Se hace difícil no pensar en ese retorno, muchas veces romantizado por el deseo de respirar esos olores de los lugares recorridos, por el abrazo de la madre, de la hermana, de quienes nacieron y crecieron mientras estaban lejos y que hoy se ve como una posibilidad más cercana, aunque de forma cautelosa se mire de lejos, se piense y se espere el momento “adecuado” para el regreso.

Reunión de mujeres exiliadas y refugiadas. Foto cortesía

Emociones y sentires

El escritor uruguayo Eduardo Galeano mencionaba en una entrevista que, “muchas veces me pregunto -yo, que me fui- si no fue todavía más duro el exilio de adentro. Y me parece que eso, visto desde afuera, se perdía de vista. Como que había una tendencia nuestra -la de los exiliados, en general- a creer que el drama era aquél: irse sin poder volver. Yo me había ido del Uruguay y después de la Argentina, pero creo que fue peor el exilio de los que se quedaron adentro”.

Y es que el exilio y el retorno deben tomar fuerza de los sentires de quienes lo viven. No son definiciones escuetas, al contrario, engloban emociones que no pueden definirse, porque es ese domingo de invierno frío del sur; gris; sin café, sin los tuyos, sin el abrazo que contiene, sin el olor a la abuela y la nostalgia, te invade cada rincón de ese refugio que a veces parece una cárcel.

El retorno tiene rostro de mujer, de todas las mujeres que salieron perseguidas o acompañando a sus familias, cuidando y exponiendo más de lo que podían para que nada, ni nadie tocara a los suyos. A todas esas mujeres que viven en el exilio, el retorno, tiene tu rostro, tus ojos, tus deseos de volver.

Una deuda histórica

“El exilio afecta de manera diferenciada a la población más vulnerable, como las mujeres, niños y niñas, jóvenes, adultos mayores, indígenas y afrodescendientes exiliados, algunos de los cuales han permanecido fuera del país durante años o décadas. El Estado y la sociedad colombiana, en conjunto, tienen una deuda histórica en torno al reconocimiento de esta forma de violencia que ha estado presente desde la génesis misma del conflicto armado”, esto según relata el informe Exilio colombiano: huellas del conflicto armado más allá de las fronteras del Centro Nacional de Memoria Histórica.

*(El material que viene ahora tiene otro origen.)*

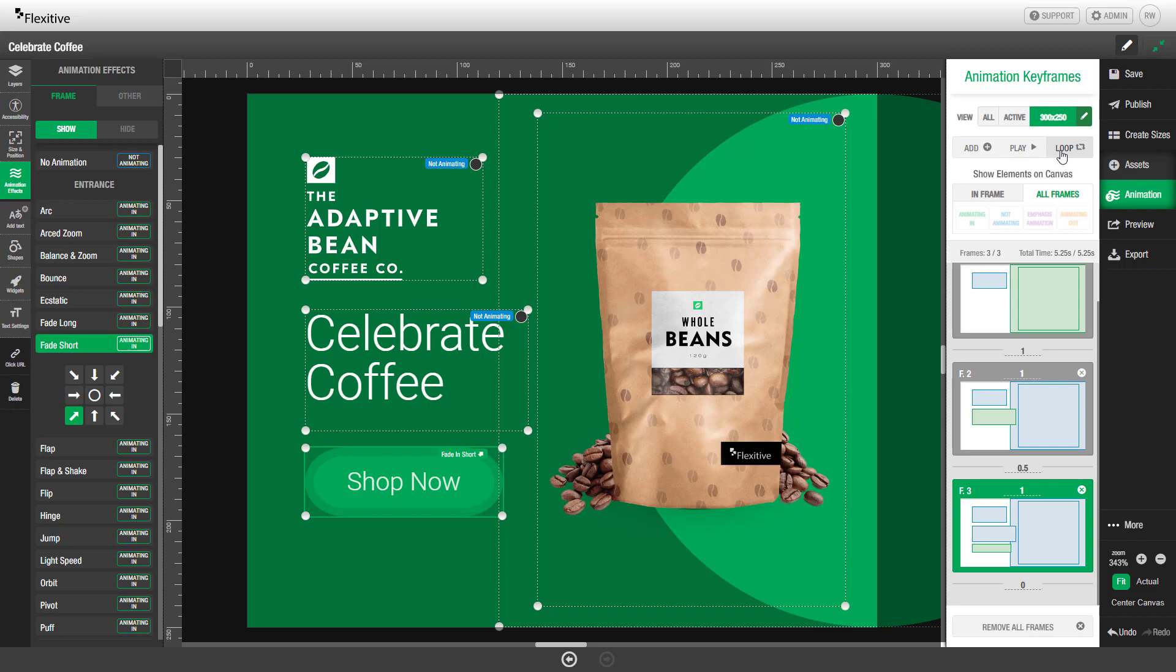We can also change the animation sequence so it loops by clicking the loop button and set it to loop once, twice, three times, or infinitely.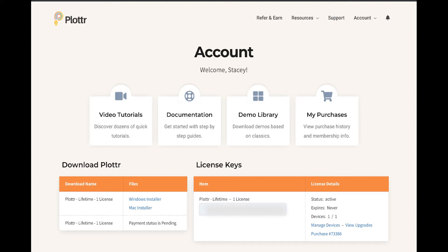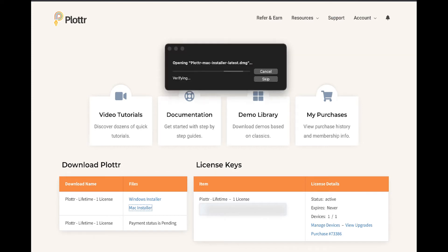In another video, we showed you how to download the installer from the My Account section on the Plotter website. Once it's downloaded, we just need to click on the installer to start running it.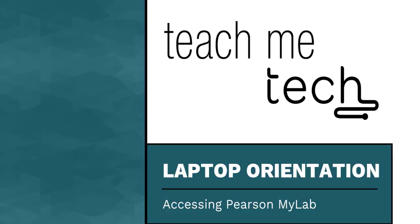Accessing Pearson MyLab. In this video you will learn how to access Pearson MyLab through your eConestoga course shell.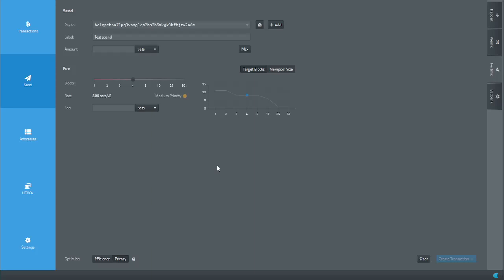There is also a second spend called Stonewall X2, which is an actual two-person coinjoin. You and a partner can get together — either in person or online using the Tor communications layer called Soroban. Your wallet uses one input from you, your partner adds an input, and you construct a transaction together. Critically, both the Stonewall and the Stonewall X2 look identical on chain — there's no telling them apart.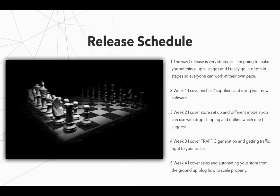Now week one, I cover niches and suppliers and using the new software. Week two, I cover setting up your store and different models that you can use with drop shipping and outline which ones I suggest and why I suggest them and how you can get started with them.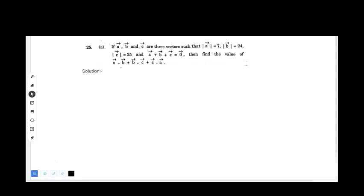Here they have given that vector a plus vector b plus vector c is equal to zero vector. This is equation 1.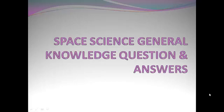Space Science, General Knowledge, Questions and Answers.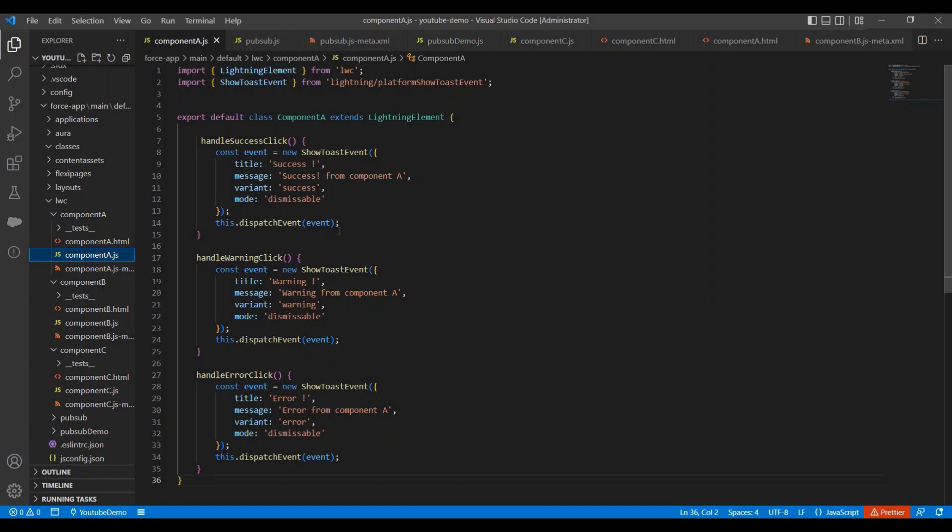And there can be multiple components where we want to show same kind of toast messages. So if you want to remove this code redundancy, in that case what you can do is you can create a utility module and you can define all these methods at a single place, and from there you can call all those methods into other components.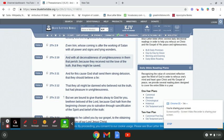With all deceivableness of unrighteousness in them that perish. When we read in the scriptures, you'll see it's gonna be more that perish than those that be saved, as a drop to a wave, roughly paraphrasing what's said in Second Esdras, because they receive not the love of the truth. If they don't receive the love of the truth, what do they receive? The love of lies.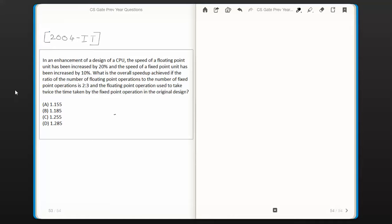Hello everyone, hope your preparation for the GATE examination is going on well. In this video session we are going to attempt the next question in computer organization from the topic instruction pipelining. This question does not require any in-depth knowledge of instruction pipelining — it just needs some mathematical aptitude.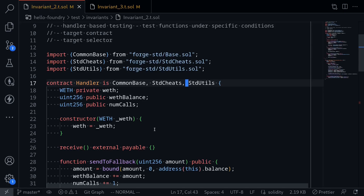In the previous video, we wrote the handler contract and then executed an invariant test against a single handler contract. What I want to show you in this video is how to write an invariant test, and this time we will be executing the invariant test against multiple handlers.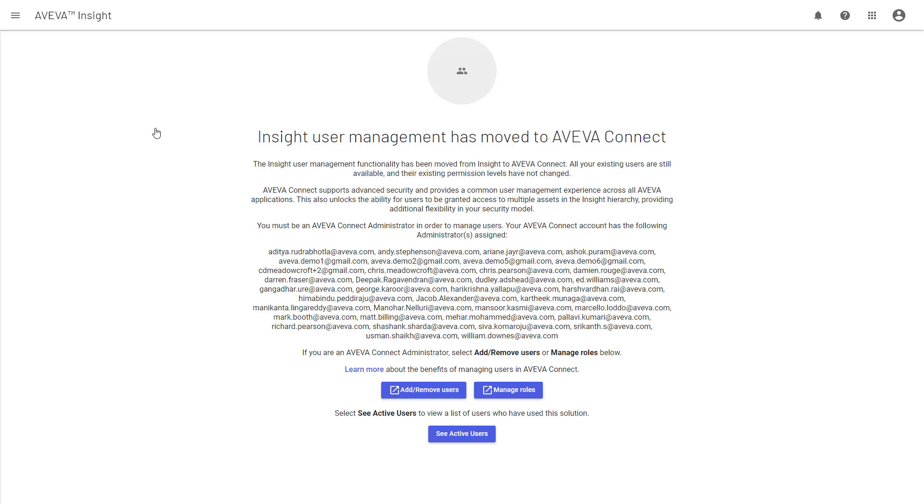It's important to note that all of your users have been automatically migrated into Aveva Connect with the same security setup as before. So no action is required from you, unless you want to make changes to the security model, or add or remove some users.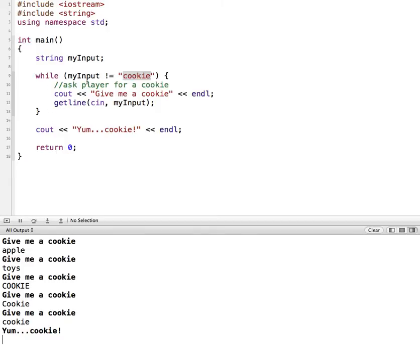So cookie is our sentinel — this is what it's checking to look for a match. While it's not equal to cookie — exclamation point equal means not equal — so as long as we're putting in values that are not equal to cookie, all lowercase, it keeps looping through saying give me a cookie and waiting for input from the keyboard. If it's not what it's looking for, it's going to keep going until we finally give it a cookie, and then it will end the while loop. That's an example of a sentinel controlled while loop.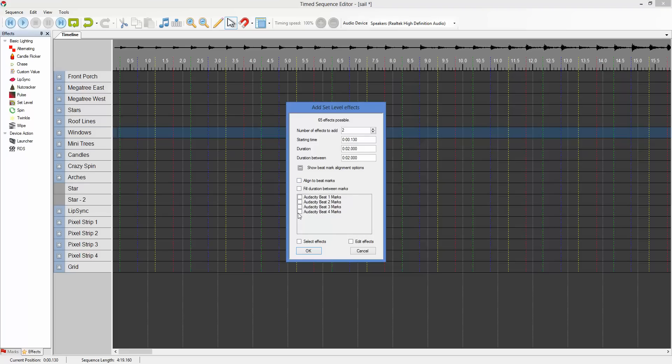The options here will not be enabled until you tell it that you want to align to the beat marks. And also the colors will match the colors of the beat marks in your timeline. So that should make it a little bit easier to know exactly where you're aligning to.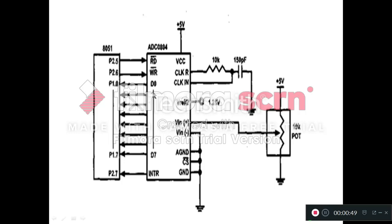In the interfacing, the next pin is INTR bar. The INTR bar in the ADC, when it will become low, then this gives us the indication.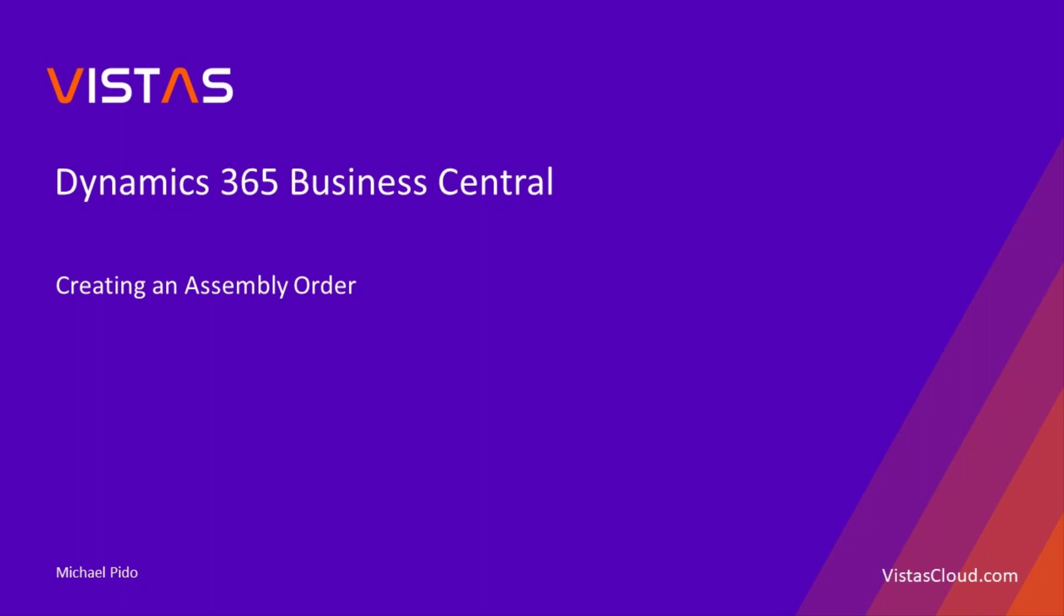Welcome to Business Central video series. This is Michael Pito from Vistas Cloud.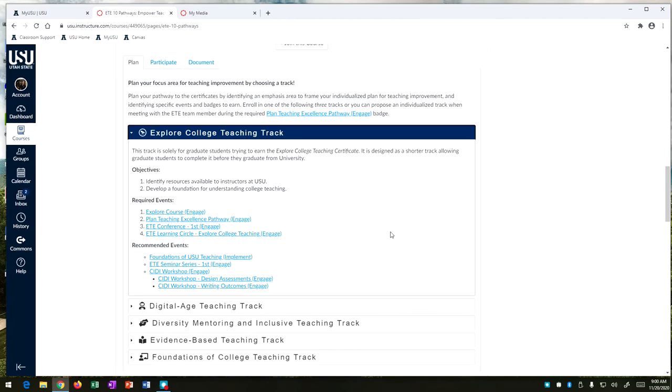Recommended events include the foundation of USU teaching which introduces you to the type of students we have here at USU as well as those resources available and different seminars and workshops from ETE and Citi and these can really be whichever workshops are the most interesting to you and what type of teaching you're interested in doing.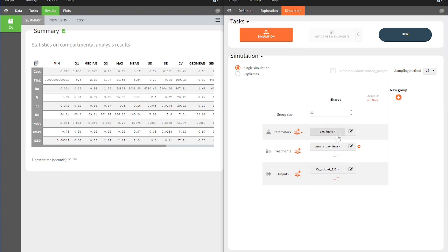The PK-PD parameters estimated by PK-Analyx will be used to simulate the new situation. The setup is now complete, so we can start the simulation.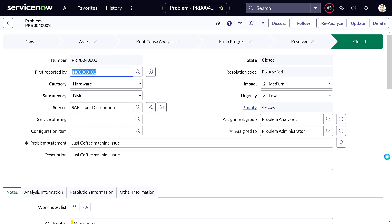This is the entire lifecycle of problem management in ServiceNow. I hope you enjoyed this video! If you found it helpful, don't forget to hit the like button, subscribe to our channel, and turn on the notification bell to stay updated with the latest content. Thanks for watching — happy problem solving, and have a nice day!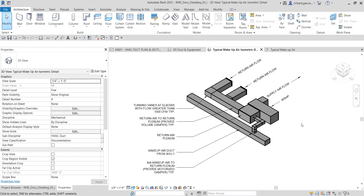That is basically how you create a model-based isometric detail. In our next video we are going to learn how to create drafting detail components. Thank you for watching — have a nice day!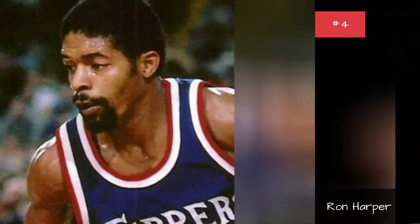Norm Nixon. Seasons 1989, 1986, 1985, 1984.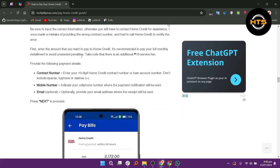Take note that there is an additional P-15 service fee. Enter your 10-digit home credit contract number or loan account number. Don't include spaces, hyphens, or dashes. Indicate your cell phone number where the payment notification will be sent. Optionally, provide your email address where the receipt will be sent. Press next to proceed.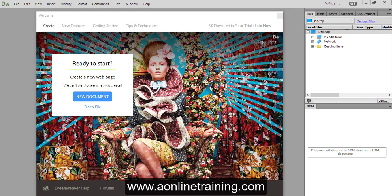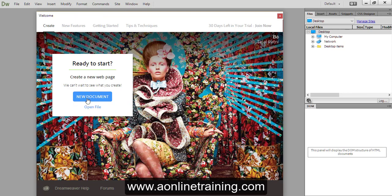As you can see, this is my software. As soon as Dreamweaver launches you can see a welcome screen. From the welcome screen you can create a new document, open an existing file, or see some new features of Dreamweaver.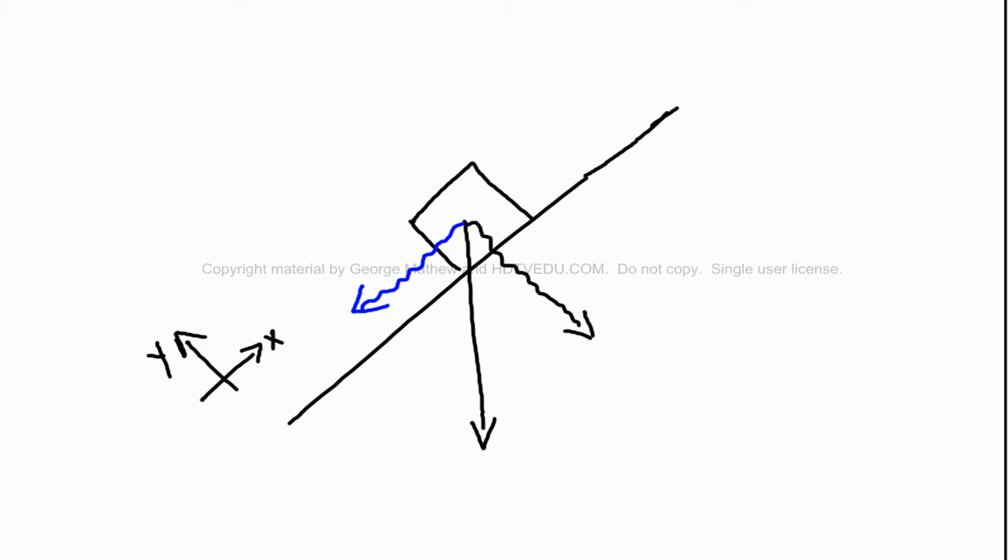This is the weight, and this is the perpendicular component, and this is the parallel component. And you have the normal force.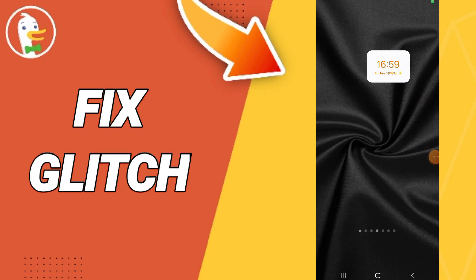Hello everyone, today we will talk about how to fix or how to solve the problem of glitch on the application of DuckDuckGo.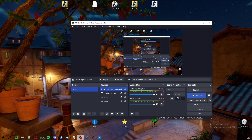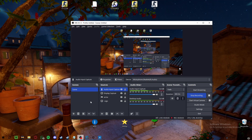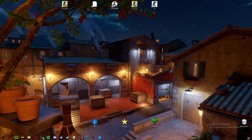Hey guys, recently I noticed there weren't really any tutorials on how to get a custom resolution in CS2, so I just made my own real quick to show you guys.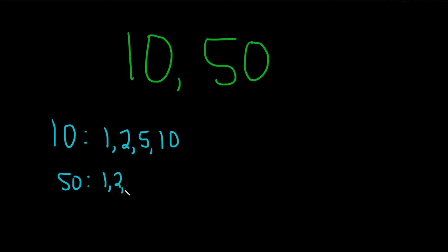3 doesn't work. What about 4? No, 4 won't work. 4 times 12 is 48, and that's not going to work. 5 works. 6, 7, 8, and 9 don't work. 10 works.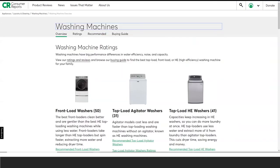Once you select the product, you will see the general overview of the type of products. In the washing machine search, you see that the three main types of washers are listed prominently on the page: Front Load Washers, Top Load Agitator Washers, and Top Load HE Washers. There are two more products listed lower on the page: Compact Washers and Washer Dryer Combo.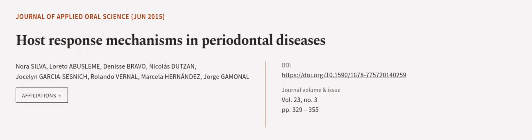This article was authored by Nora Silva, Loretto Abuslim, Denise Bravo, and others.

El informe deja diez conclusiones y recomendaciones que van desde pistas para narrar el exilio en el marco del conflicto armado, hasta la forma en que el Estado y la población debe reconocer esta forma de violencia, pasando por la importancia de la memoria y de la expresión oral para reconstruir la historia y hacer resiliencia.